Abburi Chayadevi’s short tale ‘The Touch’ is the basis for the lesson. In Telugu, she wrote it as ‘Sparsha.’ K. Jayashree Mohan has translated it into English. Abburi Chayadevi was one of Telugu’s first female authors. Her family was quite religious, so she turned to literature as a way of expressing herself. In 2005, she received the Sahitya Akademi Award.

The Affectionate Touch

In a traditional Hindu family, the storyline follows the interaction between a father and his daughter. The father is in his eighties, while his daughter is in her thirties. She is a working lady who is married to a man from the same town but now lives in a different town nearby. The father, who was eighty years old, had deteriorated vision.
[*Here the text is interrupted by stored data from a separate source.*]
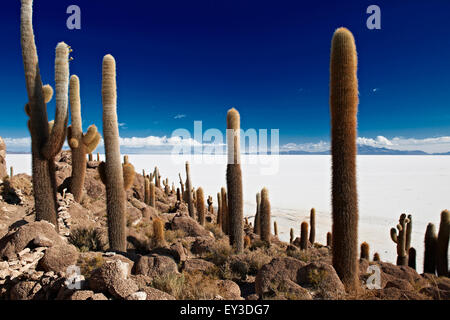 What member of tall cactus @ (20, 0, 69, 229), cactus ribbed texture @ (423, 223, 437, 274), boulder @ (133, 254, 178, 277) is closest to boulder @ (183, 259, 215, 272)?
boulder @ (133, 254, 178, 277)

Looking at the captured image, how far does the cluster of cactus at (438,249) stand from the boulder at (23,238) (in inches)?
575

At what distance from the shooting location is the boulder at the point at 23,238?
573cm

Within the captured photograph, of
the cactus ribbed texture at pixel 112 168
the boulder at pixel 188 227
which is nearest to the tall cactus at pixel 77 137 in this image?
the cactus ribbed texture at pixel 112 168

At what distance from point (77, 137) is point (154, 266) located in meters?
9.37

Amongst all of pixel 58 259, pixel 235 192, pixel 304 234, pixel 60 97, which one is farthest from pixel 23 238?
pixel 304 234

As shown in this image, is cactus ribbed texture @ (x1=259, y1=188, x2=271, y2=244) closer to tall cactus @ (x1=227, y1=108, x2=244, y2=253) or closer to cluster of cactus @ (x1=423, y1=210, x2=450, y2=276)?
tall cactus @ (x1=227, y1=108, x2=244, y2=253)

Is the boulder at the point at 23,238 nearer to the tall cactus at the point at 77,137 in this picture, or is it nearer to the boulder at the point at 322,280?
the boulder at the point at 322,280

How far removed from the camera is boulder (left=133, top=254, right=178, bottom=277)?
6.10 metres

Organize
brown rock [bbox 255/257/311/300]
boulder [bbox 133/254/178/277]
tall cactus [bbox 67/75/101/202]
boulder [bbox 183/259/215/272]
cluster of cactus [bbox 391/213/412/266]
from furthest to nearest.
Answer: cluster of cactus [bbox 391/213/412/266], tall cactus [bbox 67/75/101/202], boulder [bbox 183/259/215/272], boulder [bbox 133/254/178/277], brown rock [bbox 255/257/311/300]

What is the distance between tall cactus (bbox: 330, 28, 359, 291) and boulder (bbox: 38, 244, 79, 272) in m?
6.01

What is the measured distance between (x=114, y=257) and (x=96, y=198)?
996cm

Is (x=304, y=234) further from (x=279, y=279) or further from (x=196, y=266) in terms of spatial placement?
(x=279, y=279) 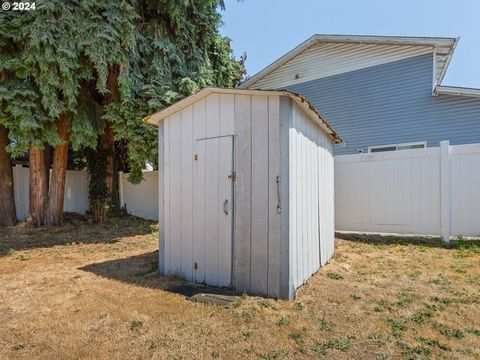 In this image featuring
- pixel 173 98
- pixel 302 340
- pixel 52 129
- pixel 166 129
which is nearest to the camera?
pixel 302 340

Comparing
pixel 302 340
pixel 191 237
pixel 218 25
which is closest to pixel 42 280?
pixel 191 237

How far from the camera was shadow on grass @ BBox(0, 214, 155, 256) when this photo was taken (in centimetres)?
616

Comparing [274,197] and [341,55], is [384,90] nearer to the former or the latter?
[341,55]

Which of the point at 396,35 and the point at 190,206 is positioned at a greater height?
the point at 396,35

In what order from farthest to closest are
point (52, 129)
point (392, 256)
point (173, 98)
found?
point (173, 98) < point (52, 129) < point (392, 256)

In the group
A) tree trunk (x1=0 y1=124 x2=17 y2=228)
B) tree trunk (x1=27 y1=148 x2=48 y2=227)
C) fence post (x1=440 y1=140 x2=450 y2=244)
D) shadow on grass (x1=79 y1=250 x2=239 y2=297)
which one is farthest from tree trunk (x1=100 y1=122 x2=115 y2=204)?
fence post (x1=440 y1=140 x2=450 y2=244)

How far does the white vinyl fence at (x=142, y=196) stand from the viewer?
9.70 m

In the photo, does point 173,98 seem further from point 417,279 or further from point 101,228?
point 417,279

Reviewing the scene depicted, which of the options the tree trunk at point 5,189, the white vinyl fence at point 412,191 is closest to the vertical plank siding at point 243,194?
the white vinyl fence at point 412,191

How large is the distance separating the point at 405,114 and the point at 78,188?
34.2 ft

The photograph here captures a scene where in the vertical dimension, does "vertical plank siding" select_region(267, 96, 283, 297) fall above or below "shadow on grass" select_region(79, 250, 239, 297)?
above

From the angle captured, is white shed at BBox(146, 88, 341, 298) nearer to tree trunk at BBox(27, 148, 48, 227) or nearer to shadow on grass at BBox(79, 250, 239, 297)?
shadow on grass at BBox(79, 250, 239, 297)

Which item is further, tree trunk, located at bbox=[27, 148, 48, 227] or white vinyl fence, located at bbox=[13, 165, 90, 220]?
white vinyl fence, located at bbox=[13, 165, 90, 220]

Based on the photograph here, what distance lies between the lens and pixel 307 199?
3729mm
He was generally healthy, but due to his bad eyesight, he was frail. He’d lost his grown son and was now left with only his daughters. His wife was now immobile, and he shared his home with his widowed daughter-in-law. His grandchildren were engaged in other things.

Her father had invited his daughter to pay him a visit. When the father notices his daughter dragging a chair closer to him, he invites her to sit next him on his bed, holding her hand affectionately and telling her how much he had been awaiting her to visit him.

The daughter remembers how her father held her at a distance as a youngster for the sake of his traditional way of life, which he called “madi.” She is also a disciplinarian. She still believes she hasn’t gotten over the fact that she was also treated cruelly as a result of the resulting insecurity. She wondered whether he’d ever realize how much she craved his tender touch?

For the last two years, her father had been bedridden. When her husband came to see her mother-in-law, she had managed to visit her father. Sitting close to her father, she reminisces about her upbringing. Her eyes welled up with tears as he gently touched her hands.

She was still unable to be with him as freely as she desired. She had picked few bugs when she initially went to see him during his sickness. Her husband later found a bug on their bed at home and warned her not to sit too near to her father. 

Her father longed to meet his sons, she knew. When her brother died, she was hesitant to confront her father due to an unexplainable sense of guilt. Her father pleaded to her that if they returned to his hometown, he would like to stay with them. She gazed at him helplessly, unable to comfort him with words. Her father didn’t say anything else and only rubbed her hands gently.

Her education, her career, and everything seemed to be in vain and shallow at the time. She was still affected by her father’s loving touch as she rode back in an autorickshaw, and tears welled up in her eyes.